Republicans Face Midterm Losses

E. J. Dionne starts out the year by discussing the importance of this year’s congressional elections:

Elections at midterm can be low-interest affairs or immensely important. This fall’s congressional elections will be a big show with large consequences, because 2006 is looking a lot like the political years 1958, 1966 and 1978, all of which heralded major political transformations.

The Democratic sweep in 1958 presaged the party’s strength in the Kennedy-Johnson years. Democratic dominance peaked in LBJ’s 1964 landslide. But just two years later, big Republican gains signaled problems in the Democratic coalition that the party struggles with to this day.

The 1978 elections during Jimmy Carter’s presidency marked the emergence of a powerful New Right that swept Ronald Reagan into office in 1980 and continues to be the dominant force in the Republican Party.

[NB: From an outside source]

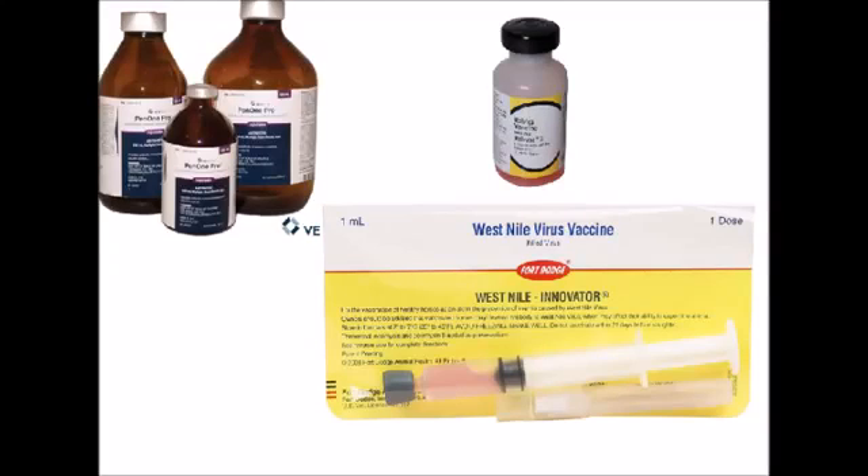Check the drug name to make sure it is the same as what your veterinarian recommends, and remember that label names can differ from the actual drug name. Check the recommended dose of the drug as well as the route, and ask your veterinarian if you have any questions.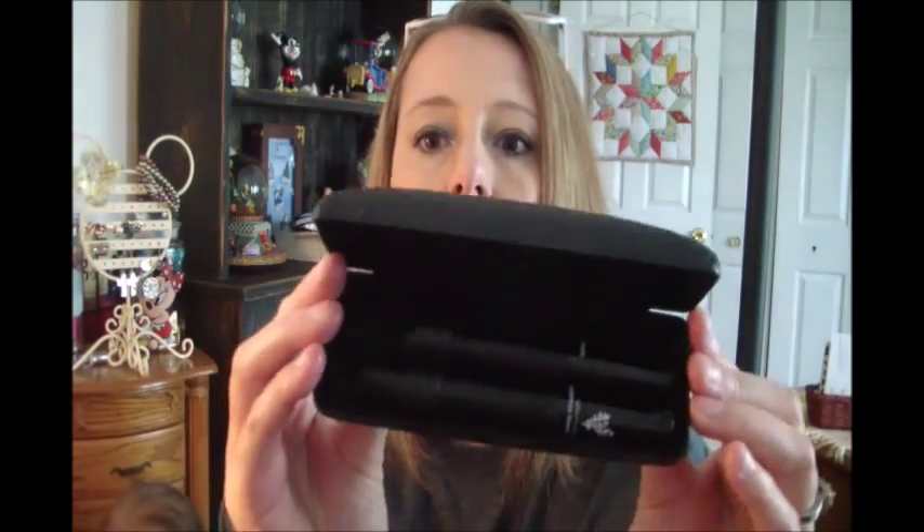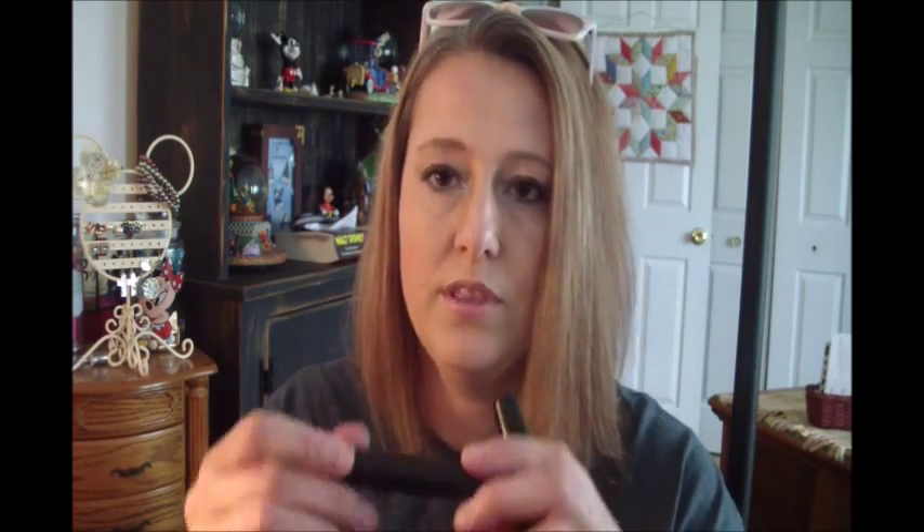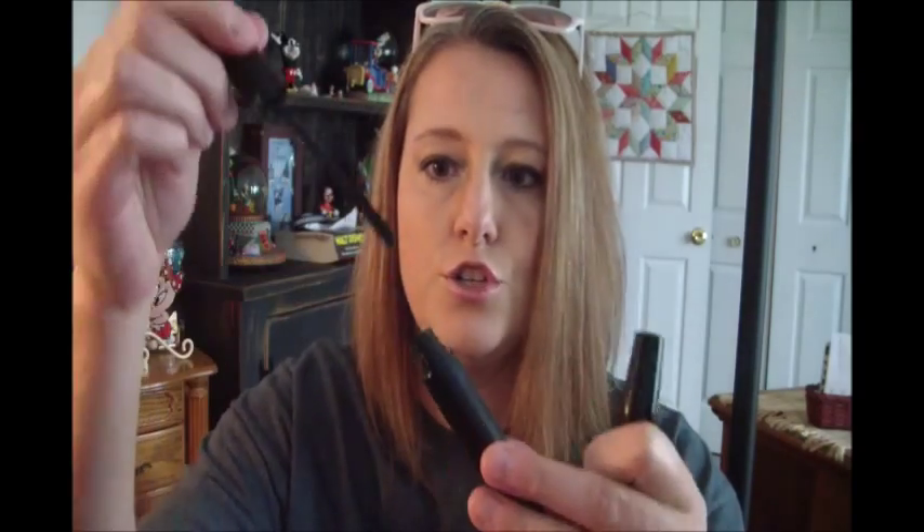The mascara looks like this — it comes in a case that says Unique and there are two tubes. One tube is a gel, the other tube contains the fibers that attach to the gel. What you do is put the gel on your lashes first; the gel is in the larger tube and it just looks like a regular mascara. Then you immediately put the fibers on afterwards. As you can see it looks fuzzy, like little hairs.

The 2006 elections will be a test of the audacious Karl Rove-George W. Bush plan to launch a long-term Republican Era. They foresee an alliance of corporate interests and religious conservatives, with the South as its home base. Business provides the money. Middle-class traditionalists furnish the troops.

Where I find the article to be of interest is when he almost mocks the conventional argument in articles on the decrease in Republican support that the Democrats lack a message:

It is customary in columns of this sort to say somewhere around now that the Democrats will need to come up with a plan, a message, a program, etc., etc. I’m all for such things. But in 1958, 1966 and 1978, the out party gained ground largely by exploiting the failures of the party in power and exacerbating the contradictions in its coalition. If the Democrats prosper in 2006, it will be because whatever program they come up with achieves those goals.

I suspect that Dionne realizes that when his colleagues make such claims they are parroting a right wing talking point which lacks substance. It was the Democrats who warned about the dangers of terrorism long before the Republicans were willing to take the threat seriously. It is the Democrats who have expressed ideas towards long term stability in the middle east, lowering the cost of health care, achieving energy independence, and reducing corruption in government.

If Democrats show gains in 2006 it will be due to convincing the voters that, to paraphrase an old Republican talking point, Republicans have become the problem, not the solution.